For an engineer to maximize profits, he must develop products with minimal cost and maximum sales price (we often use the buzz-word "value added"). Also, development time should be minimized so the company can start earning those profits asap..."time is money" you know.
So, how do we design products that minimize cost and maximize value? Get ready for a shock:
To minimize COST the product should be:
- safe (lawsuits can end a company)
- easy to manufacture
- minimal material cost
- use standard parts and common materials
- small container size (minimize shipping cost)
- reliable (returns and warranty claims are a HUGE cost. Also, poor quality will hurt future sales)
To maximize VALUE a product should be:
- easy to use
- contain features the customer actually wants and is willing to pay for
- aesthetically pleasing
You'll notice that Safe and Reliable are especially important, because they both help REDUCE cost and INCREASE value added to the product.
That's it. There is no conspiracy. There is no trick. You're not being hoodwinked.
Just hundreds of thousands of hours going into making your stuff as good as it can be for the lowest possible cost.
Don't believe it? Well try this:
Just look at something. Anything. Maybe the monitor or device you're using now to read my post. Your relationship with the engineer that designed it for you went something like this:
You demanded to have it and demanded him to design it for you (which he did).
You didn't tell him what you wanted.
You didn't tell him when you wanted it.
You didn't give him any specifics on what you wanted it to do, or didn't want it to do.
You didn't tell him how much you wanted to spend on it.
You wanted it to be the best possible product.
You wanted it to be the lowest possible price.
If whatever the engineer provided didn't meet your needs you refused to do business with him.
If you DID buy it and weren't satisfied, you would fire him by not buying his brand in the future.
That's your relationship with your engineer. And it's a great thing!
This cutthroat competition is what leads to product improvement over time. If engineers try to skimp to save a buck, the market won't want their stuff. If engineers over design something so it costs more than the customer wants to spend, the market won't want their stuff.
Product Engineering is pretty much the science of finding the perfect sweet spot of quality and cost.
And it works too, the proof is in the puddin': Stuff gets BETTER and CHEAPER over time!

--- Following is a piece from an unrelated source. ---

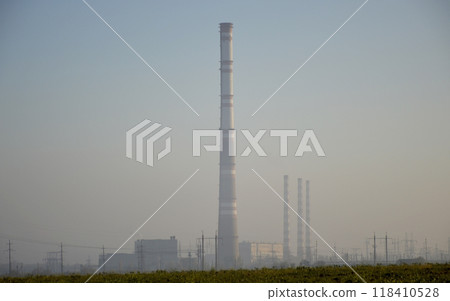 power plant in the rays of the sun at dawn 118410528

Take cars for example. In EVERY way, cars are better now than they were 30 years ago.
-more fuel efficient
-more comfortable to drive
-easier to maintain
oh yeah, they're CHEAPER too. When you measure either the amount of man hours needed to build a car, OR the amount of hours needed to work at an average wage to be able to afford a car of similar class, cars are cheaper.
Now I would never hold Cars as a pinnacle example of good industry policy. The auto industry has long been a center of cronyism and protectionism and over-regulation. But think about that! Isn't that then a real testament to the engineers? Even in those awful market conditions manipulated by government, that cars are STILL getting better.
Look at a more unregulated product (electronics for example) to really see the type of improved quality and reduced cost that engineers are truly capable of.
Lastly, here's some figures from "The Rational Optimist" by economist Matt Ridley. It's the amount of hours an average person needs to work at their job to be able to afford 1 hour of reading light:
1750 BC - 52 hours of work (sesame oil lamp)
1800 AD - 6 hours of work (tallow candle)
1880 AD - 15 minutes of work (kerosene lamp)
1950 AD - 8 seconds (conventional filament bulb)
2012 AD - 0.5 seconds (18W compact-fluorescent bulb)
What profession do you think made that happen? I can tell you one thing: it's not the accountants. Haha.